All of the lines below are to be transcribed faithfully, with pictures excluded from the copy.

START Collected material

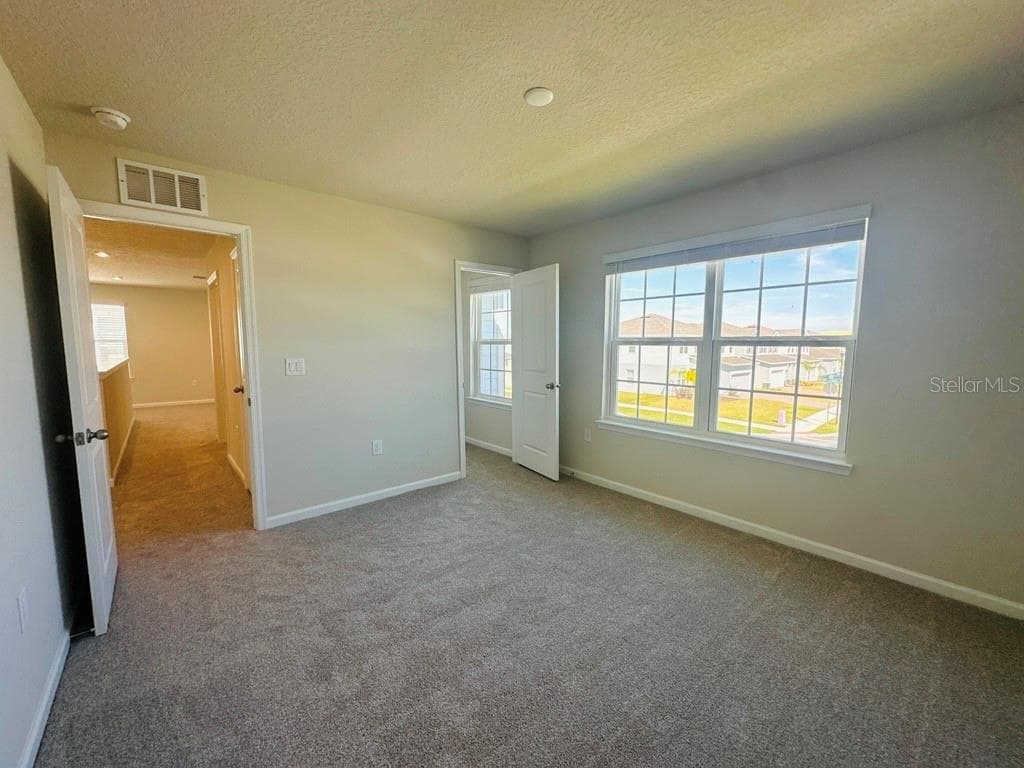 Single Family Residence at 6024 CHESTNUT GROVE PL, ST CLOUD, photo 6 of 16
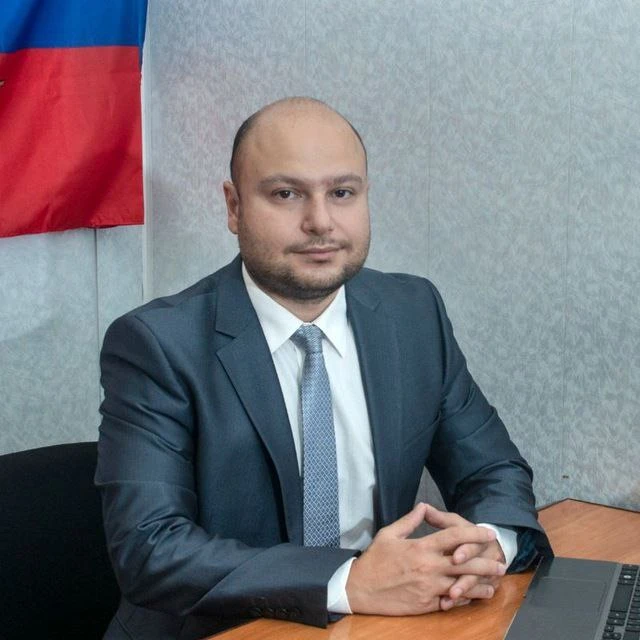 Начинаю знакомить со спикерами практикума.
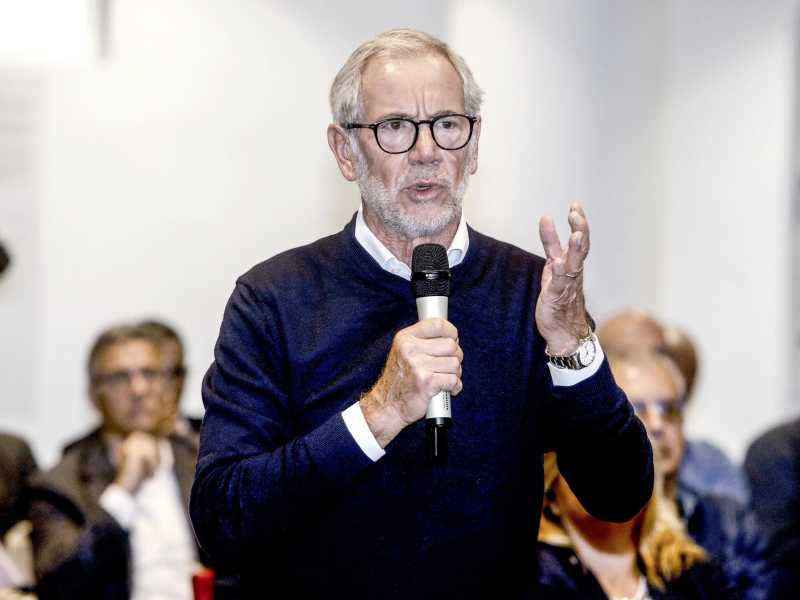 Bertolaso dopo il voto in Lombardia: "Uscire dall'Oms? Assolutamente no, non lo chiederò al governo"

END Collected material

▶ [Solution to this problem]:
 Single Family Residence at 6024 CHESTNUT GROVE PL, ST CLOUD, photo 6 of 16
 Начинаю знакомить со спикерами практикума.
 Bertolaso dopo il voto in Lombardia: "Uscire dall'Oms? Assolutamente no, non lo chiederò al governo"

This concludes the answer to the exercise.